Monday, October 20, 2008

Ten Pounds For Tampons

Assalaam Alaikum…Rich here, ghost writing for Jennifer…I guess it’s not really ghost writing if I am telling you I am ghost writing. Anyways, let me begin by saying how impressed I am with Jennifer as this is the first time since I met her sharing a taxi on that fateful St. Patrick’s day in 1995 that she has actually adopted a technology before me…this is the first blog I have ever written.

We have had many crazy stories/frustrations/laughs getting adjust to living in Dubai, but one that I thought was pretty funny actually happened on our first “looksee” visit to Dubai and summed up the cultural differences while at the same time also underscored for me that people are the same all over.
So Jennifer and I are getting ready to go out. As usual I started about 40 minutes after her, finished getting ready in 15 minutes and made the mistake of asking her when she was going to be ready. Unbeknownst to me, Jennifer had a surprised visit from what I think women sometimes refer to as “her little friend”…more like enemy to men and woman alike - for different reasons of course…and to think in the not to distance future I will be managing through this four times a month. Of course since I was pushing her to get ready she seized the opportunity to ask me to go downstairs to the shop in the hotel and get her some tampons.

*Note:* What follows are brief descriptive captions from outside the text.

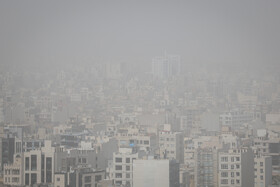 مشهد در محاصره گرد و غبار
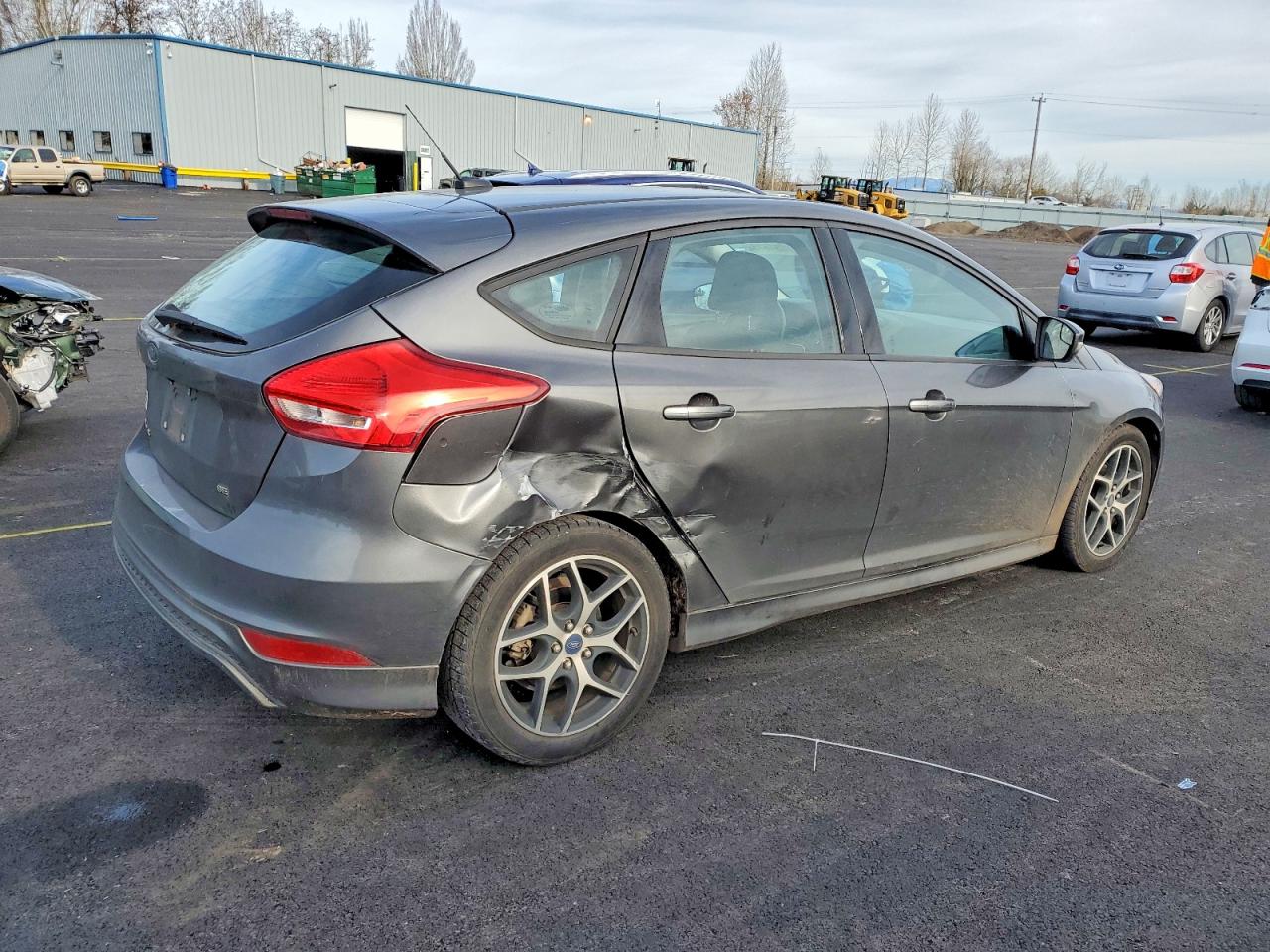 2015 FORD FOCUS SE photo 3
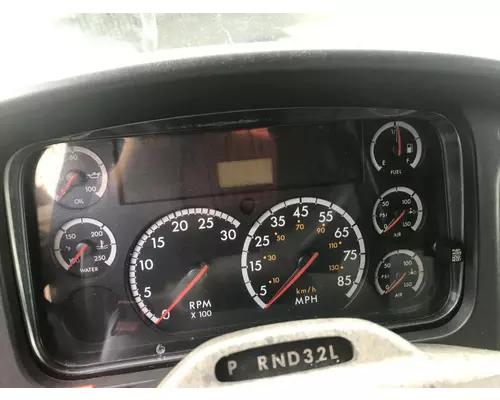 FREIGHTLINER M2-106 Instrument Cluster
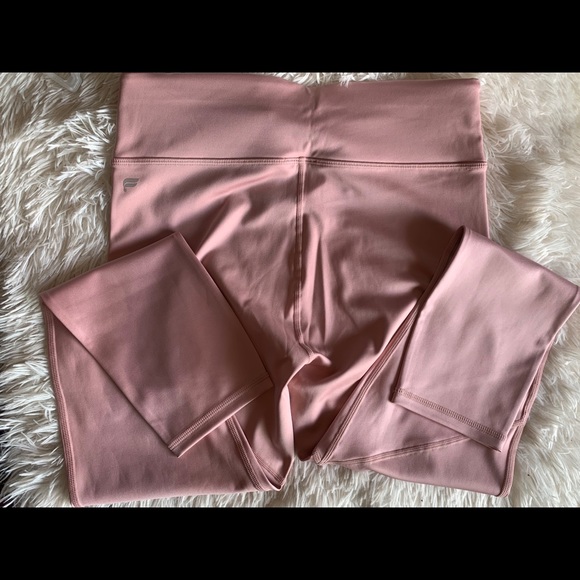 Fabletics- Mid-rise Ultracool Shine 7/8 - Picture 3 of 4
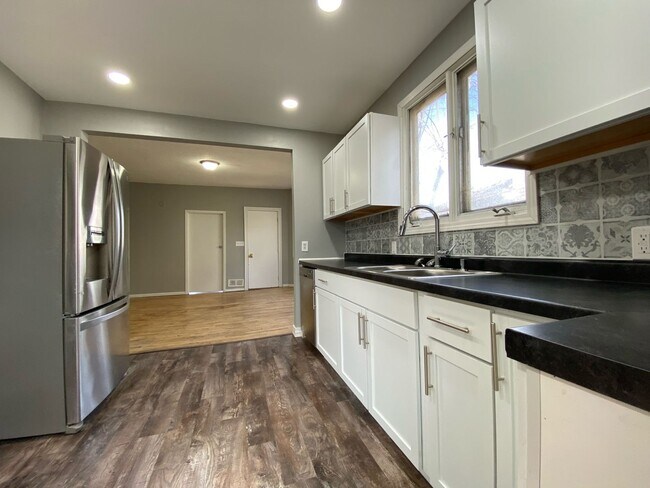 Foto del edificio - Beautiful 4 Bedroom 1.5 Bathroom Townhome in Minneapolis!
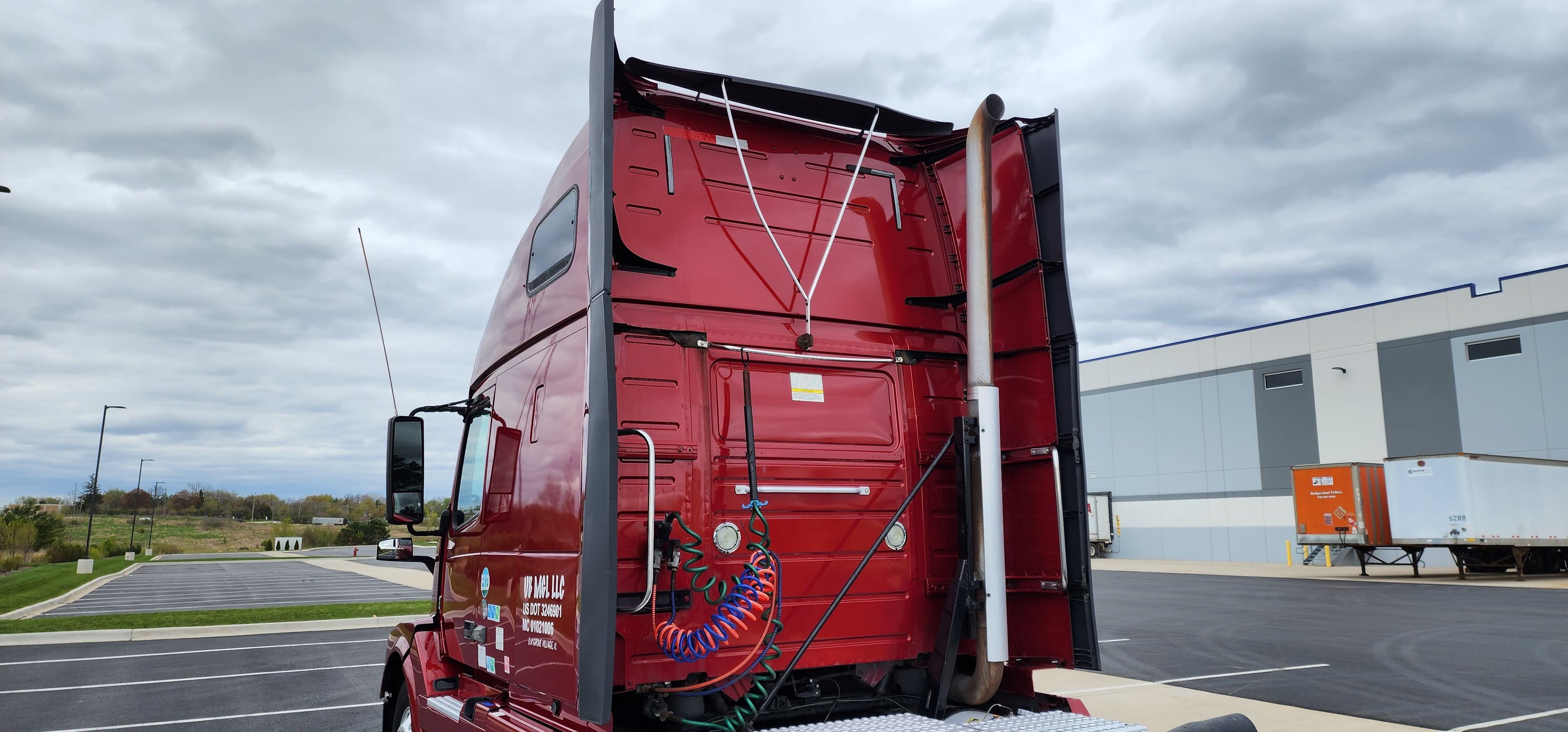 2016 Volvo VNL670 image 2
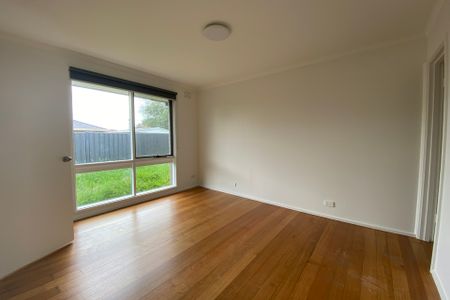 Welcome to 16 Eastern Street, a beautifully renovated family home. - Photo 4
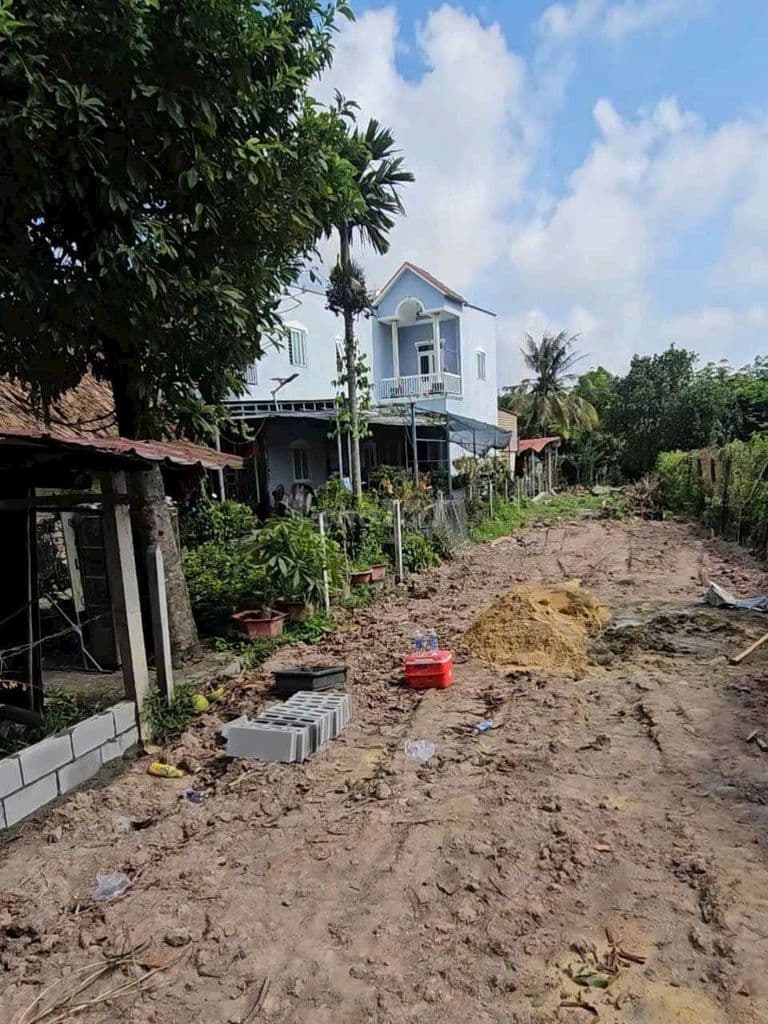 HẠ GIÁ BÁN GẤP ĐẤT MT ĐƯỜNG BÙI THỊ ĐIỆT - Ảnh 2
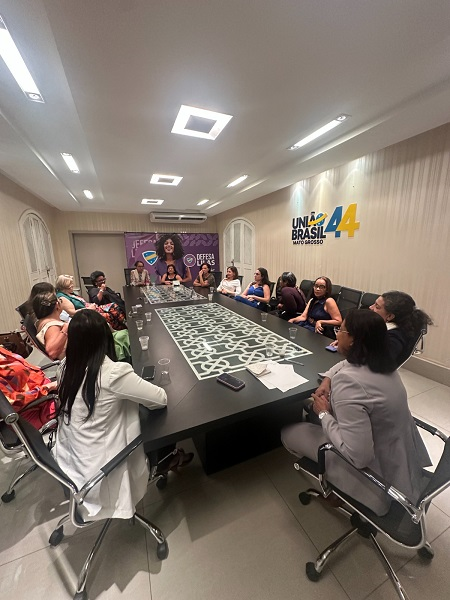 "Quem veio de onde eu vim não desperdiça porta aberta", diz Gisela sobre trajetória em encontro de mulheres Foto87488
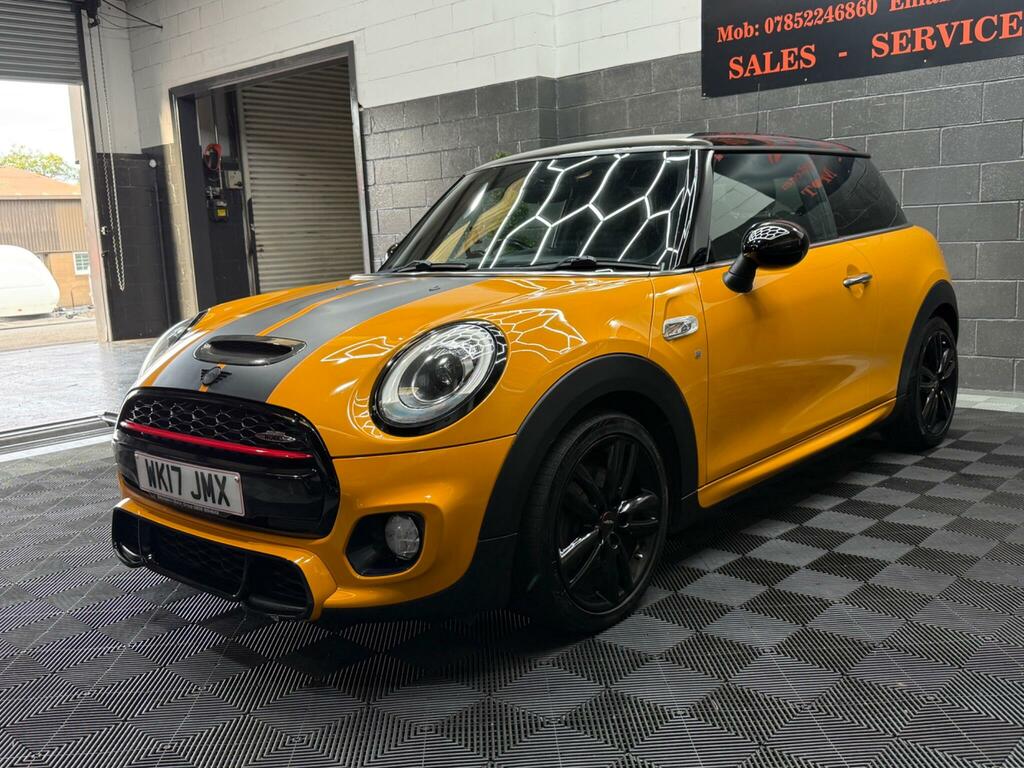 Mini Hatch 2.0 Cooper S Works Euro 6 Ss WK17JMX Orange #3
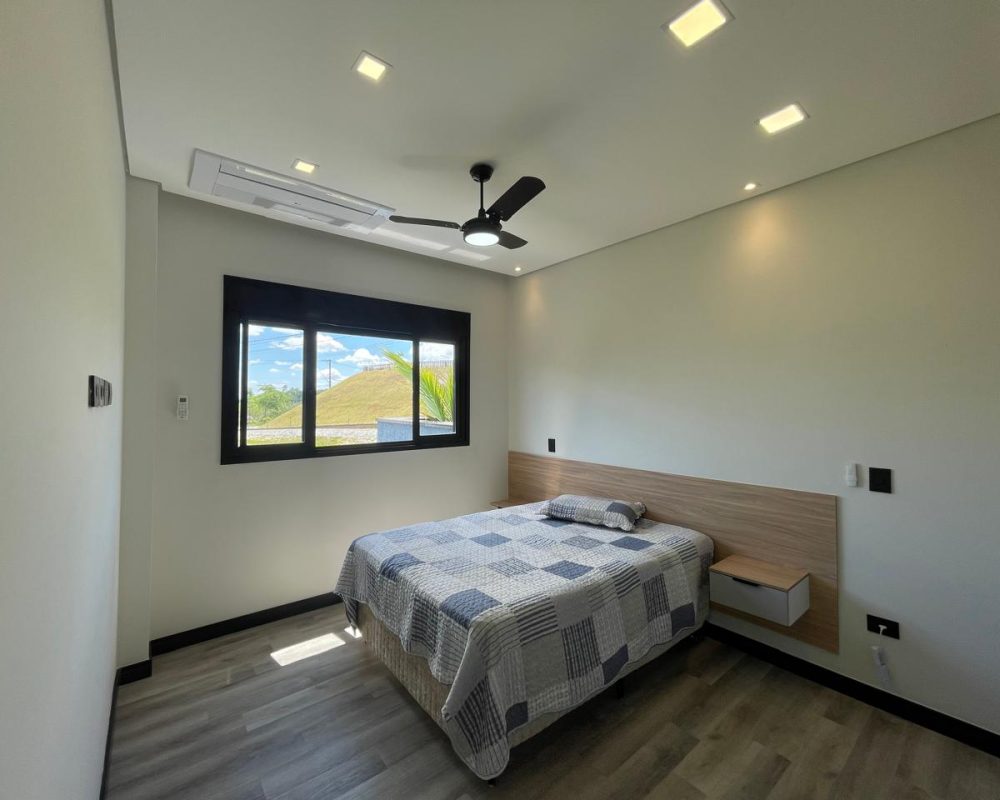 Casa de alto padrão em condomínio (2)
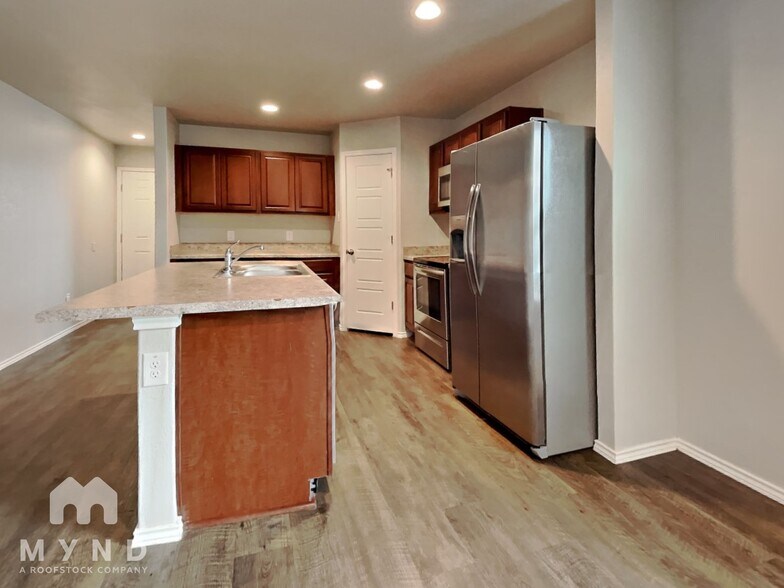 Building Photo - 3911 Turning Pine Edge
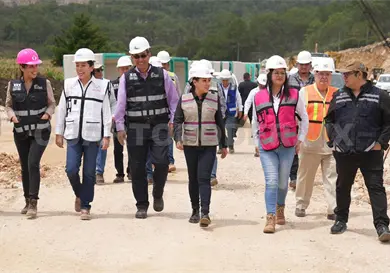 Encabeza G&oacute;mez Zuart recorrido t&eacute;cnico en obra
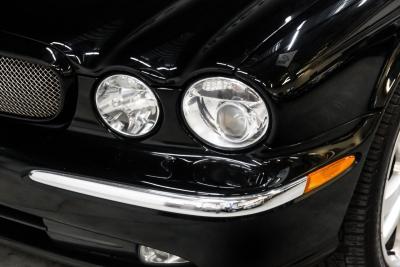 2004 Jaguar XJR SUPERCHARGED V8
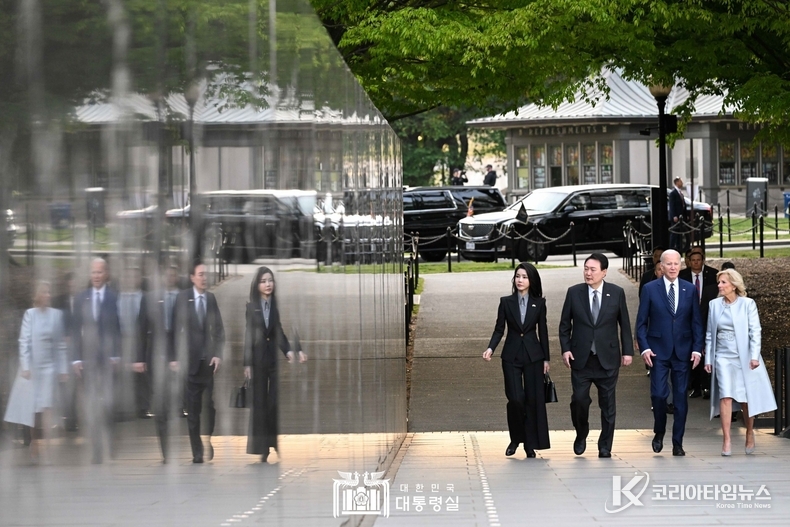 4월 25일 윤석열 대통령 부부는 바이든 대통령 부부와 한국전 참전용사 기념공원에서 친교 행사를 가졌다.
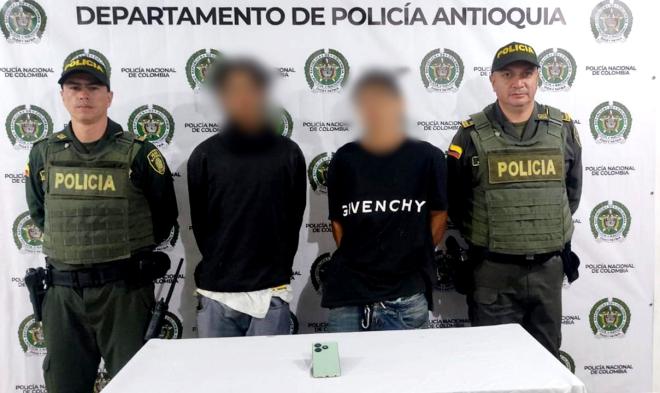 Capturados dos presuntos ladrones de celulares en Rionegro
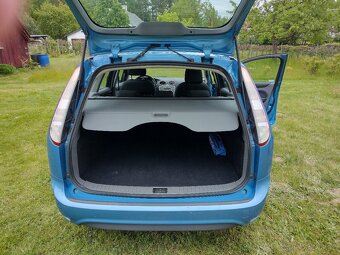 Ford Focus kombi 1,6 16v 74kW - 14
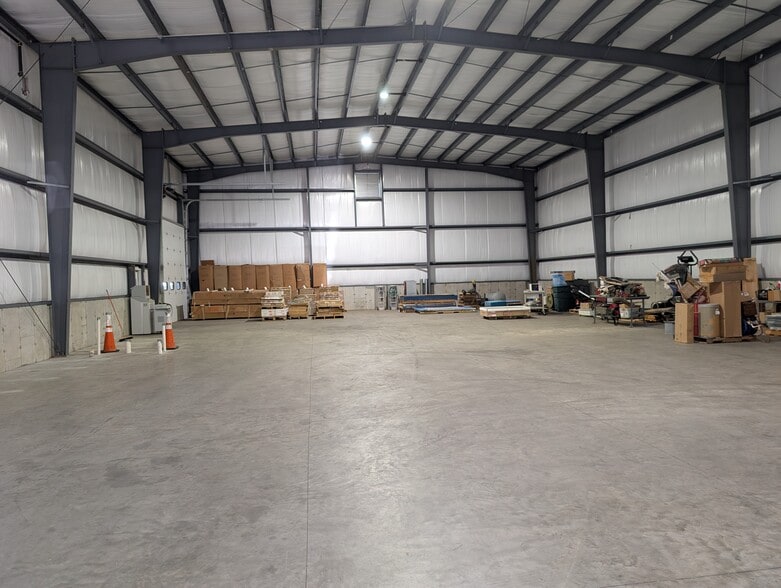 More Photos Of 155 New Haven Ave, Derby Showroom For Lease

Now keep in mind, as westernized as Dubai is, this was my first visit to Dubai and I am thinking you want me to buy what, where??? I wouldn’t do this in the good ol’ U.S. of A. let alone in Muslim country. Thankfully my male intuition took the back seat, and I realized my wife is visiting a foreign country I am asking her to move to and I should tell her I would be happy to go down and get her some tampons.

As such, 5 minutes later I find myself in a small gift shop in the hotel that is unfortunately staffed by a male (very tight quarters). My eyes avert his as I can sense he knows what I am there to buy, and I head right over the bathroom products section and find what I think looks similar to a tampon box, but all the brand names are written in Arabic, so I am not really sure.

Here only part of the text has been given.